WHAT THE TASK ASKS — From the first line of the entries below through the line bearing "hoạch nhiều mẫu", write out each line exactly. Omit pictures.

AVAILABLE DATA —
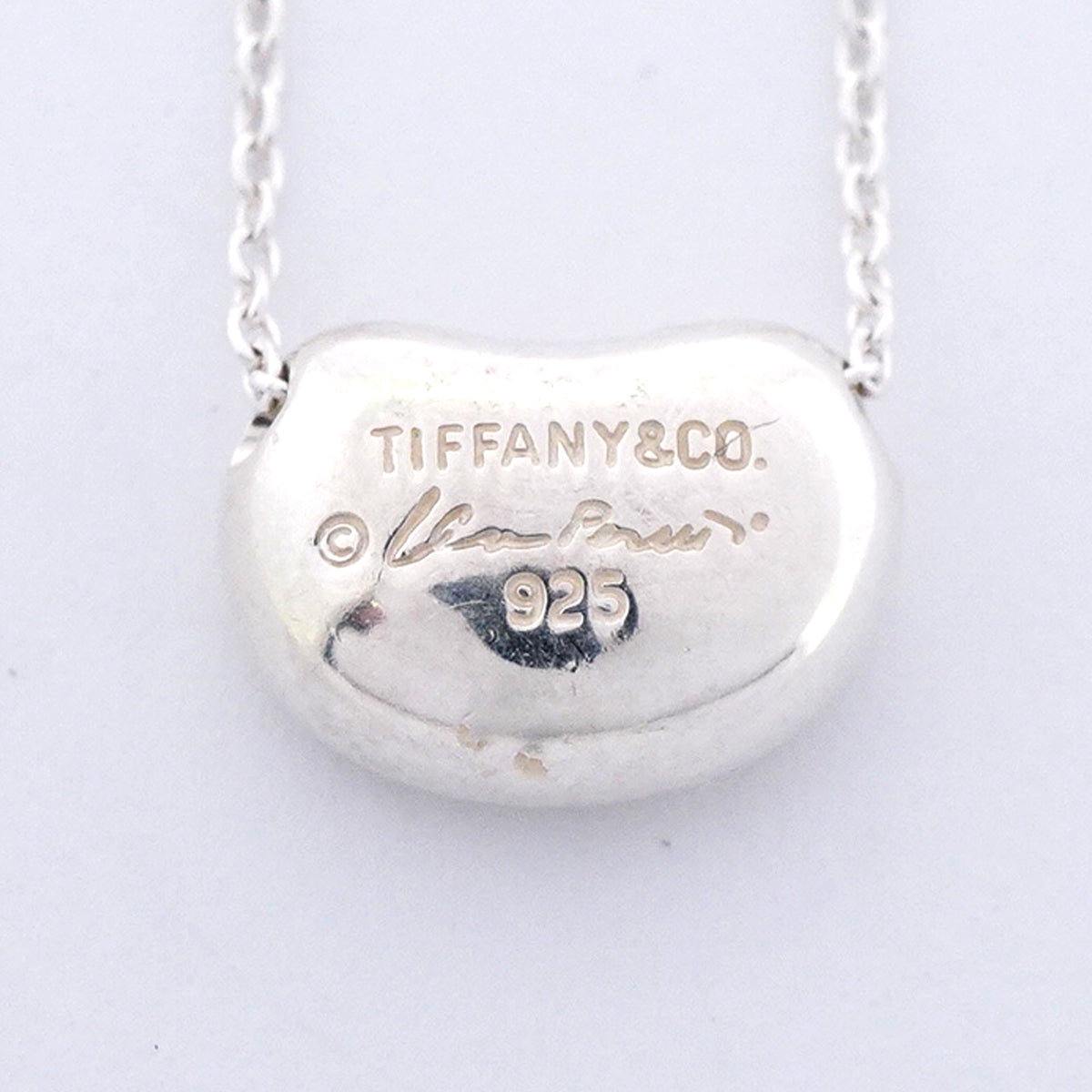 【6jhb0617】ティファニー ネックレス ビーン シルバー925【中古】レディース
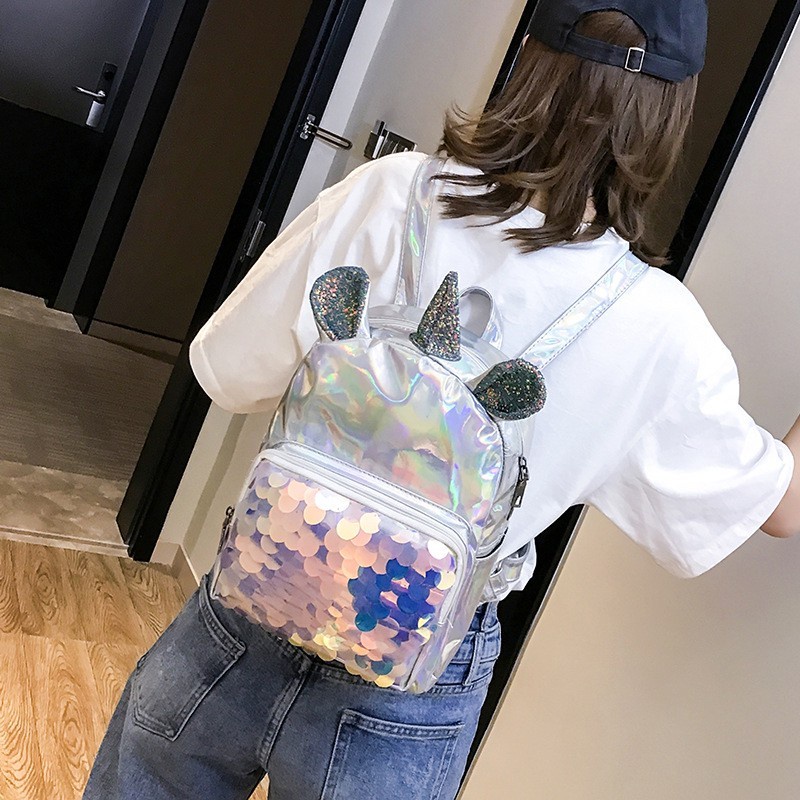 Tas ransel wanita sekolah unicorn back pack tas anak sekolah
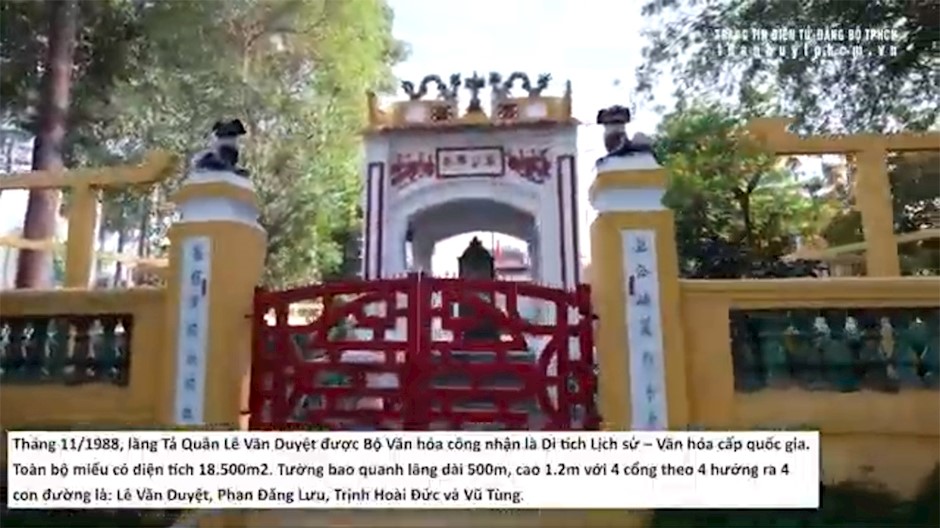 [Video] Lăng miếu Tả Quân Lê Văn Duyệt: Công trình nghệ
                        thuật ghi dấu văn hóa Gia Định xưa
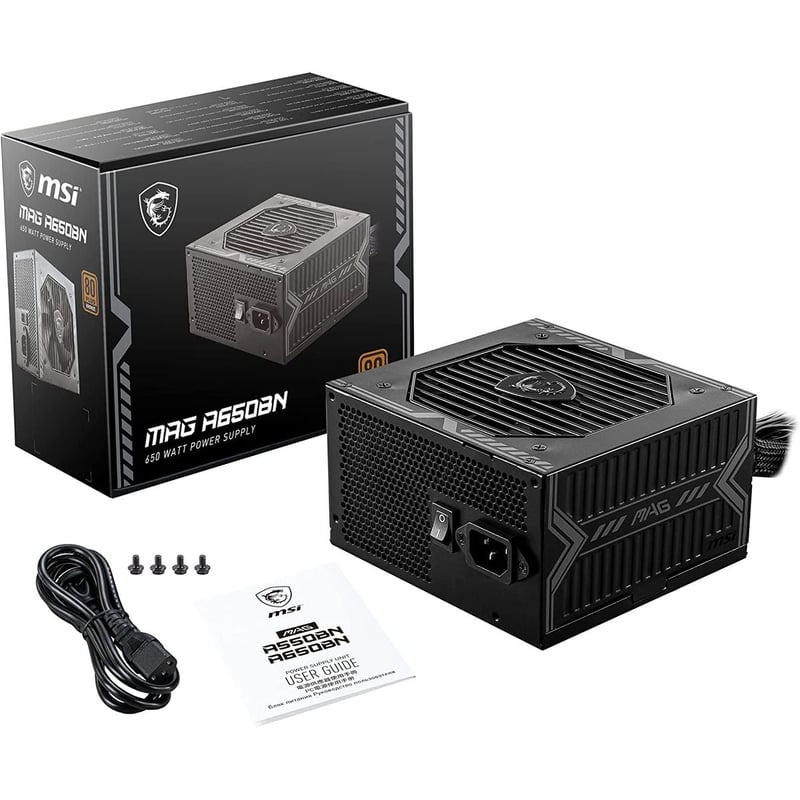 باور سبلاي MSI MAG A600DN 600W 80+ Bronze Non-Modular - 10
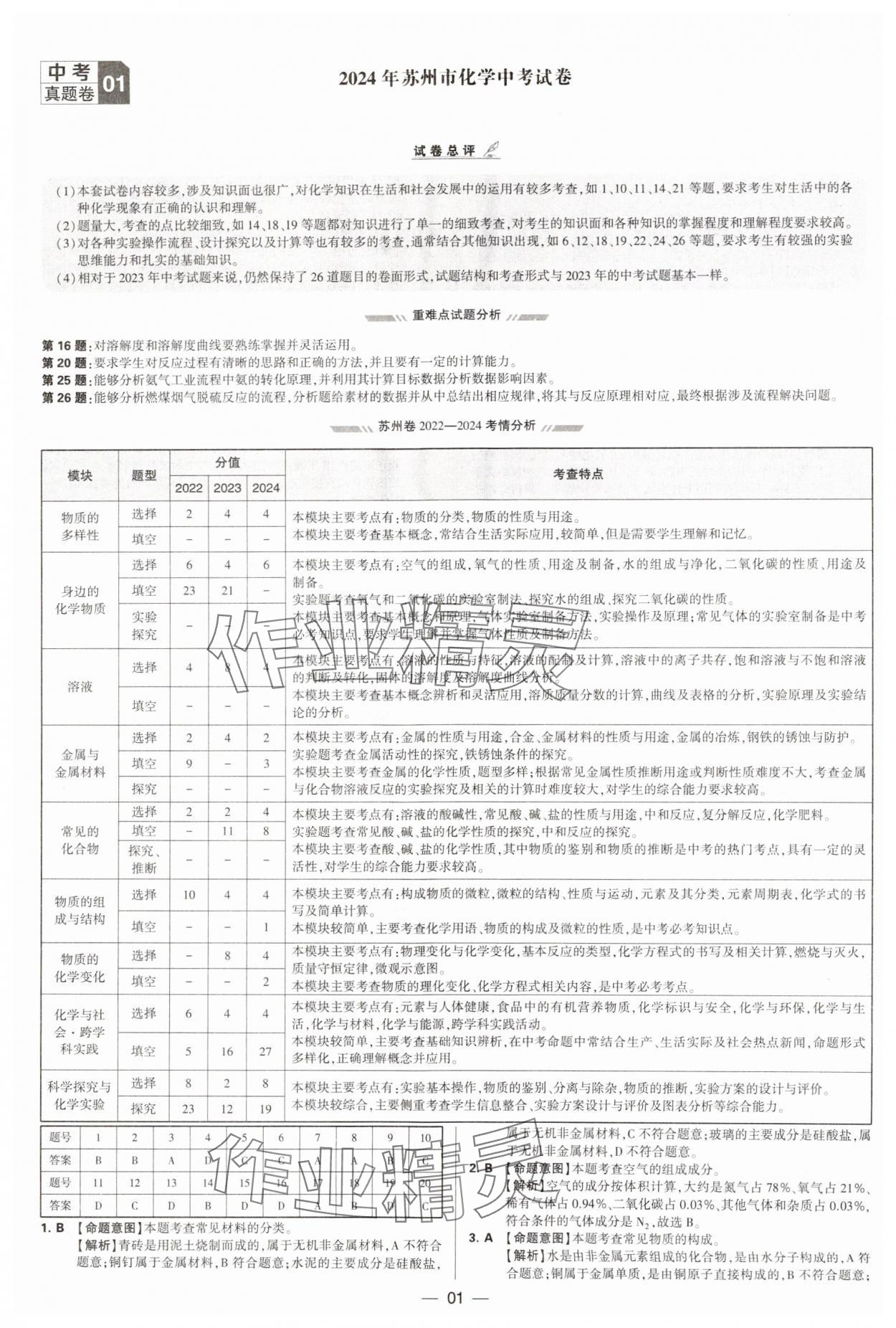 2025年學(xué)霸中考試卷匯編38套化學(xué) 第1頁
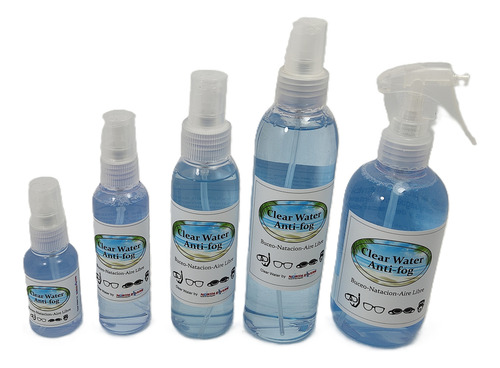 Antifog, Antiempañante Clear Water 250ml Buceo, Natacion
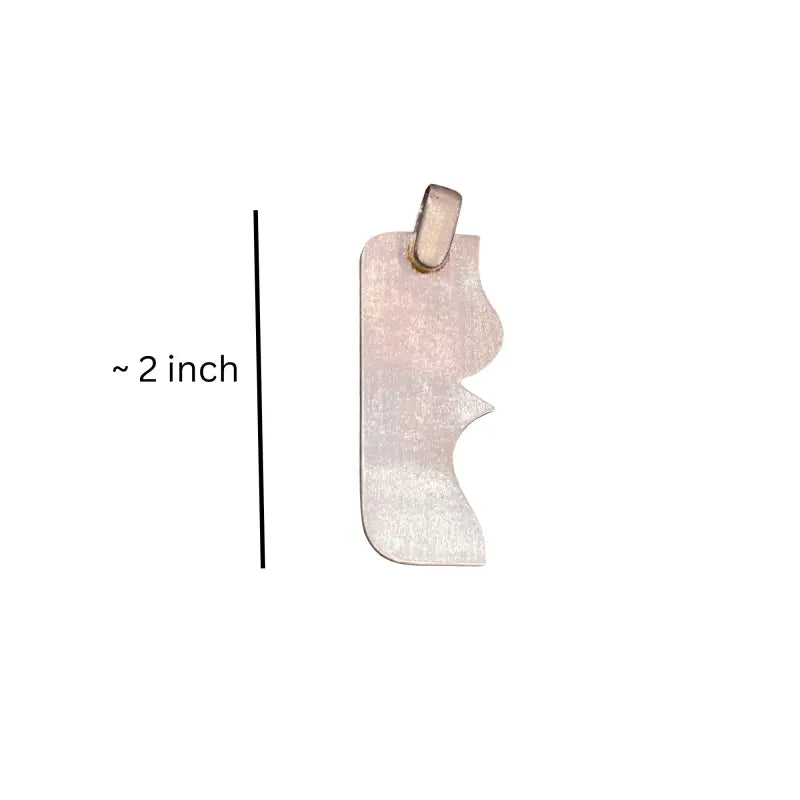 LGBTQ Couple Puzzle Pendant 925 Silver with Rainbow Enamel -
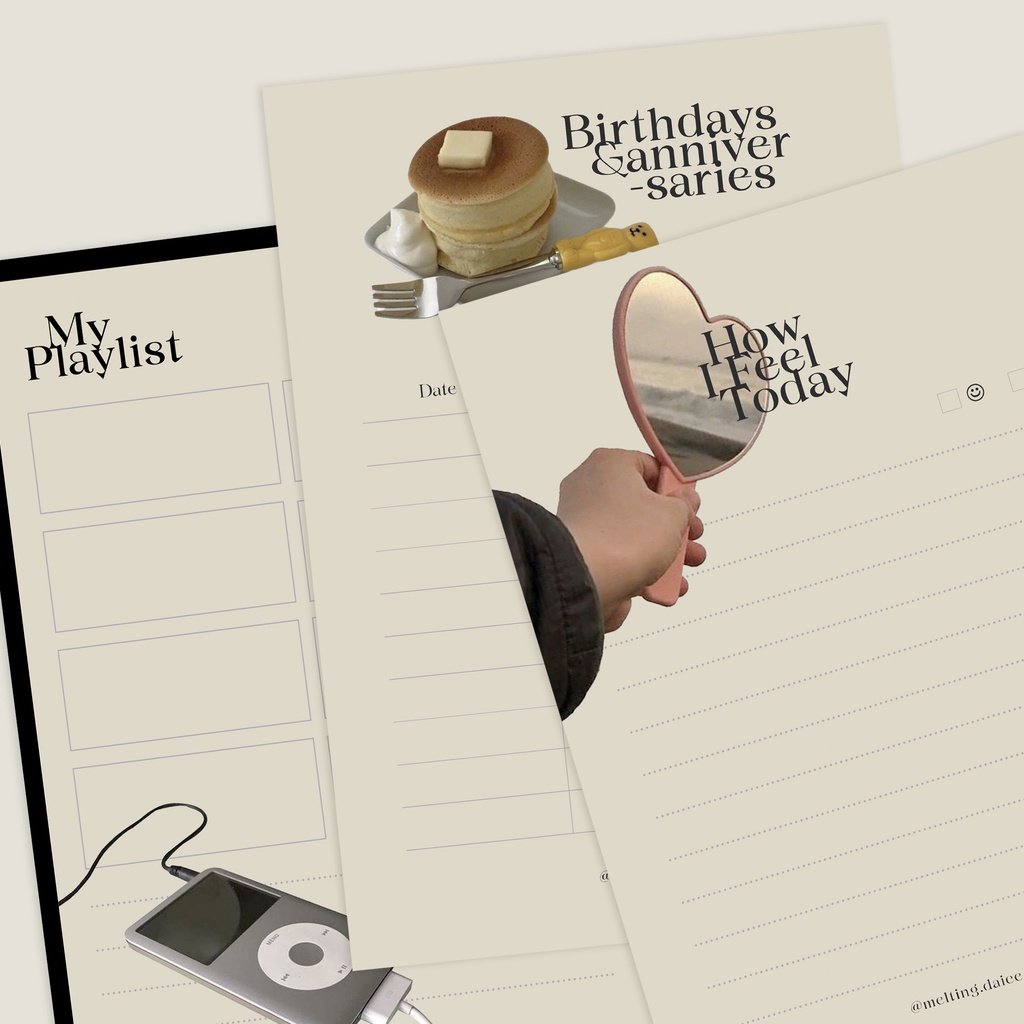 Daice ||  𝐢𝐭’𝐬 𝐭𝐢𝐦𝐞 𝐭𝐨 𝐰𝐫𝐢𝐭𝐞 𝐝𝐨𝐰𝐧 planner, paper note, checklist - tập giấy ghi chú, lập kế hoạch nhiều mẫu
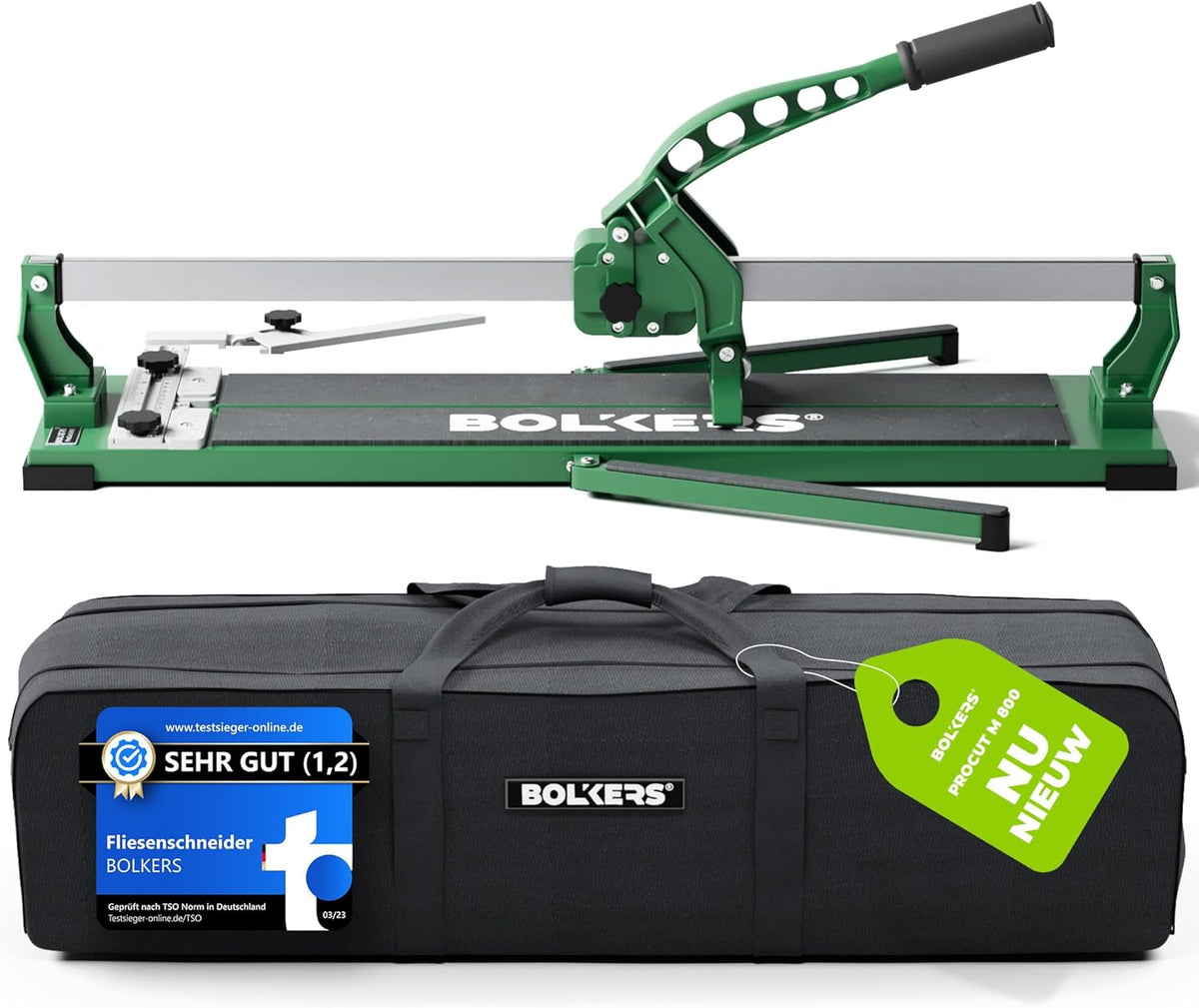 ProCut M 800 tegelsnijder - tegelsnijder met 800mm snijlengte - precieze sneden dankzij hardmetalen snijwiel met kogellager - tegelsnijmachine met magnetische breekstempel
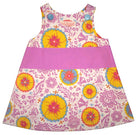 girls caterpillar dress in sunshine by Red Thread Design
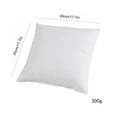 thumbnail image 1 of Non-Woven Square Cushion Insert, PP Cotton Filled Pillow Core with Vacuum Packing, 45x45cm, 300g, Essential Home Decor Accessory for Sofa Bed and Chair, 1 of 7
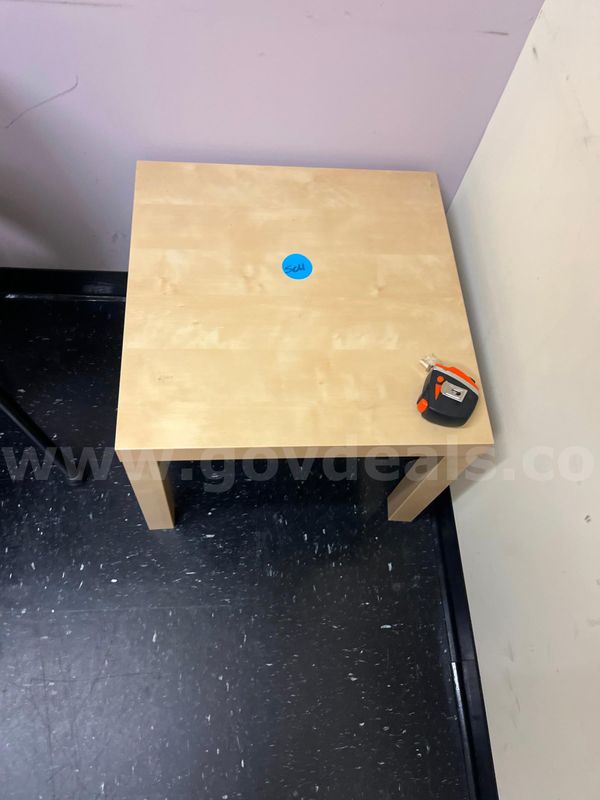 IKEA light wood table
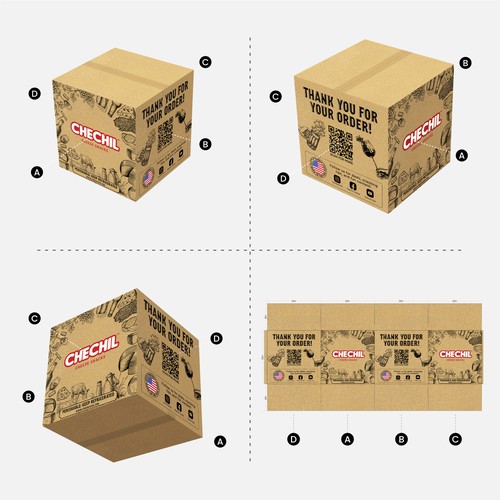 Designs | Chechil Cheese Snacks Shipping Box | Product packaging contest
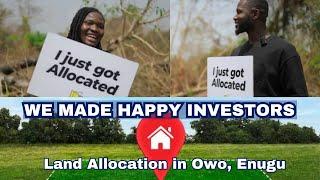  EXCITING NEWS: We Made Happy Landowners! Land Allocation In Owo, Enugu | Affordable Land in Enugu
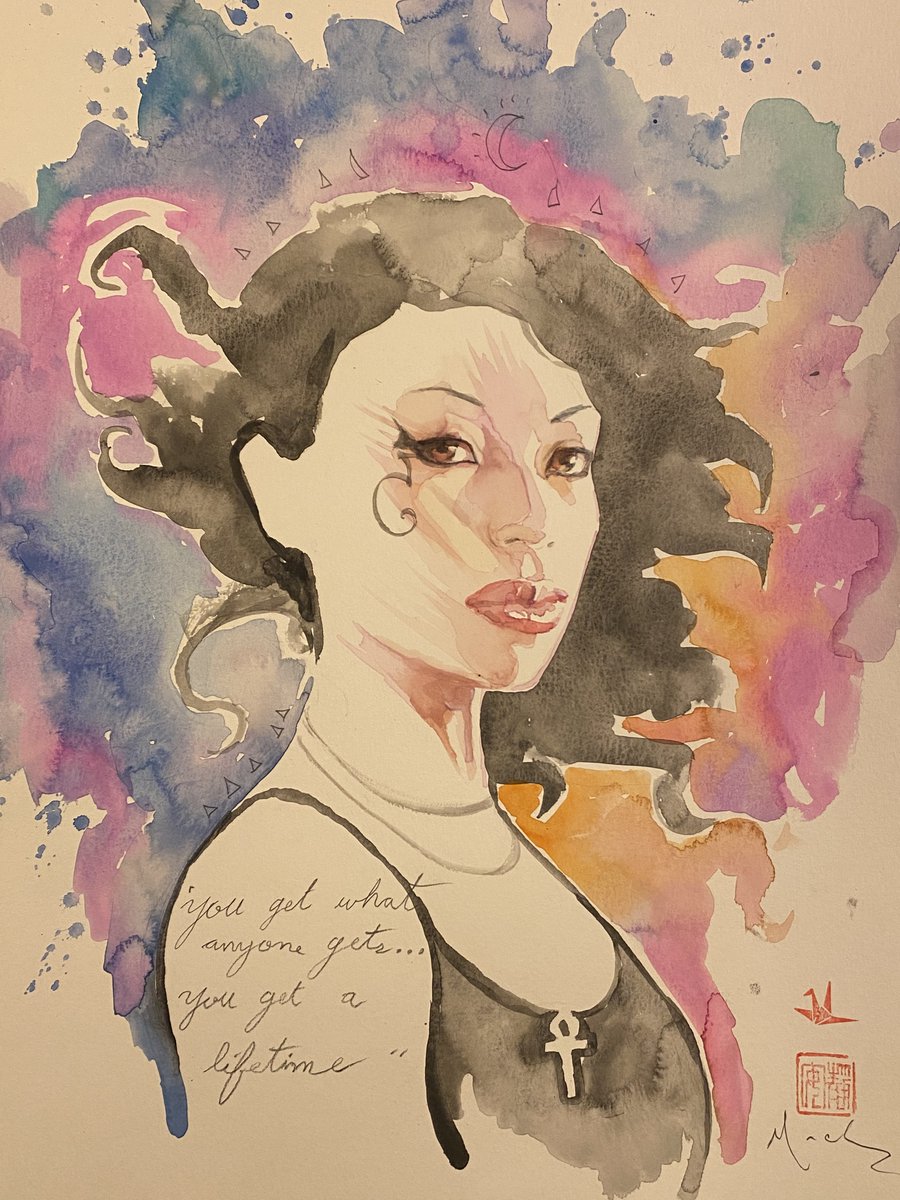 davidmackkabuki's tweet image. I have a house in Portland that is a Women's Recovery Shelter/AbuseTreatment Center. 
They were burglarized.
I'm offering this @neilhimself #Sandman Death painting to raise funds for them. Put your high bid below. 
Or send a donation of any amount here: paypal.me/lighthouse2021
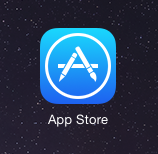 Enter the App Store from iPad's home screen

RESPONSE AREA —
 【6jhb0617】ティファニー ネックレス ビーン シルバー925【中古】レディース
 Tas ransel wanita sekolah unicorn back pack tas anak sekolah
 [Video] Lăng miếu Tả Quân Lê Văn Duyệt: Công trình nghệ
                        thuật ghi dấu văn hóa Gia Định xưa
 باور سبلاي MSI MAG A600DN 600W 80+ Bronze Non-Modular - 10
 2025年學(xué)霸中考試卷匯編38套化學(xué) 第1頁
 Antifog, Antiempañante Clear Water 250ml Buceo, Natacion
 LGBTQ Couple Puzzle Pendant 925 Silver with Rainbow Enamel -
 Daice ||  𝐢𝐭’𝐬 𝐭𝐢𝐦𝐞 𝐭𝐨 𝐰𝐫𝐢𝐭𝐞 𝐝𝐨𝐰𝐧 planner, paper note, checklist - tập giấy ghi chú, lập kế hoạch nhiều mẫu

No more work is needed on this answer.